J.T. Gaskins, a 17-year-old leukemia survivor, told reporters that he had decided over the holidays to grow his hair and donate it to Locks of Love after learning that the sister of a family friend had cancer.
Locks of Love describes itself as a “a public non-profit organization that provides hairpieces to financially disadvantaged children in the United States and Canada under age 21 suffering from long-term medical hair loss from any diagnosis.”
Madison Academy in Burton however ruled last week that Gaskins’ hairstyle is violating school policy and suspended him. According to the school, boys’ hair must be “clean, neat, free of unnatural or distracting colors, off the collar, off the ears and out of the eyes.”
“I fought cancer my entire life. I’m going to keep fighting this,” Gaskin told the Times. “I’m not going to not give back just because my school says no.”
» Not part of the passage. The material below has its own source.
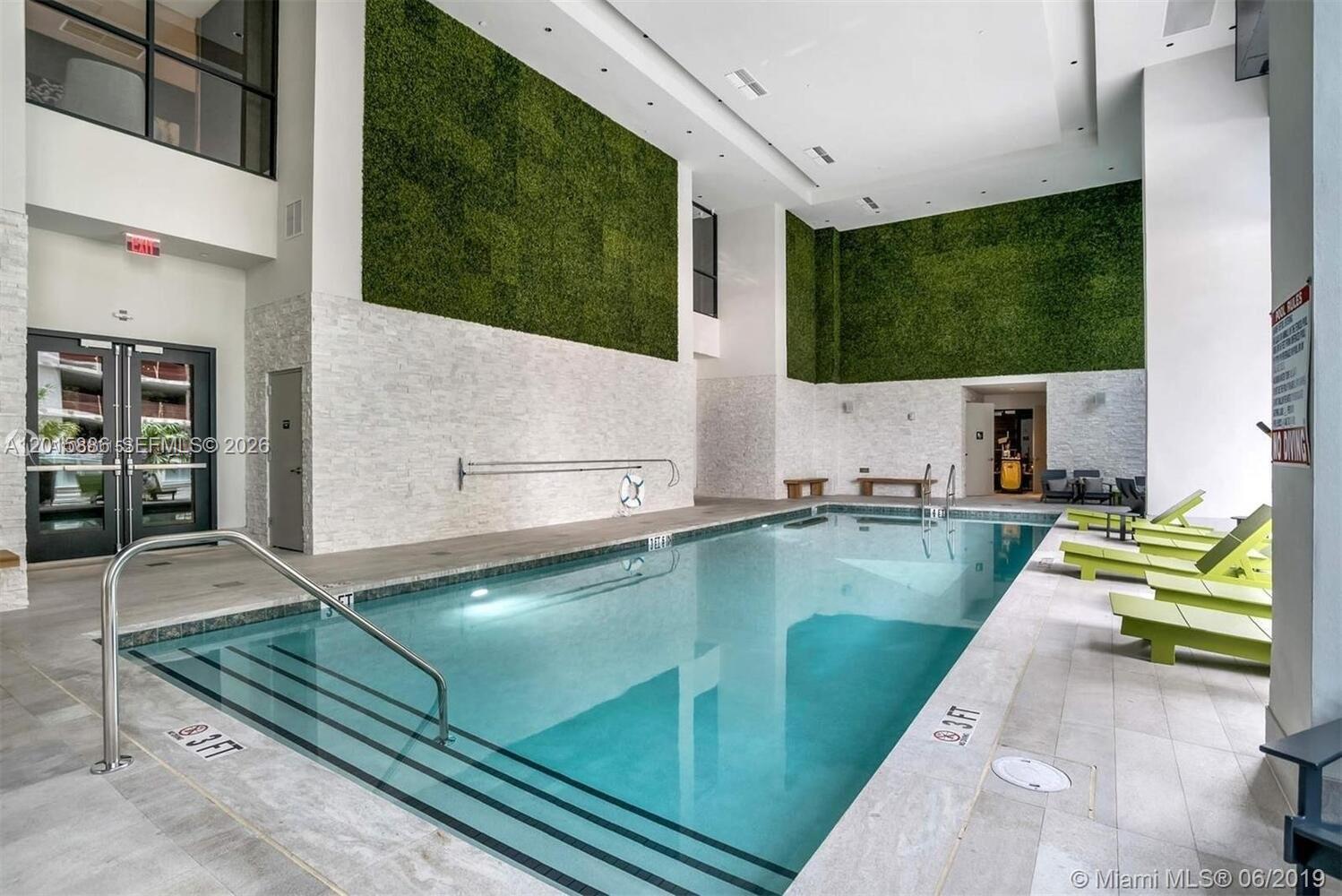 1010 Brickell Ave # 4208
Gaskins’ mother, Christa Plante, says she supports her son’s effort “100%” and launched a petition on Change.org asking the school to amend its hair policy for boys to allow them to grow it for charity donation. By Friday, more than 1,000 people had signed it.
Lauren Kukkamaa, communications director for Locks of Love, told the paper that the organization has heard of other issues arising over hair donations in schools and workplaces because of regulations and policies.
“There are so many ways to support Locks of Love, and we are truly grateful for all of those efforts and this young man and his desire to give back,” Kukkamaa said. “But certainly, we understand the school has its reasons for having certain policies in place.”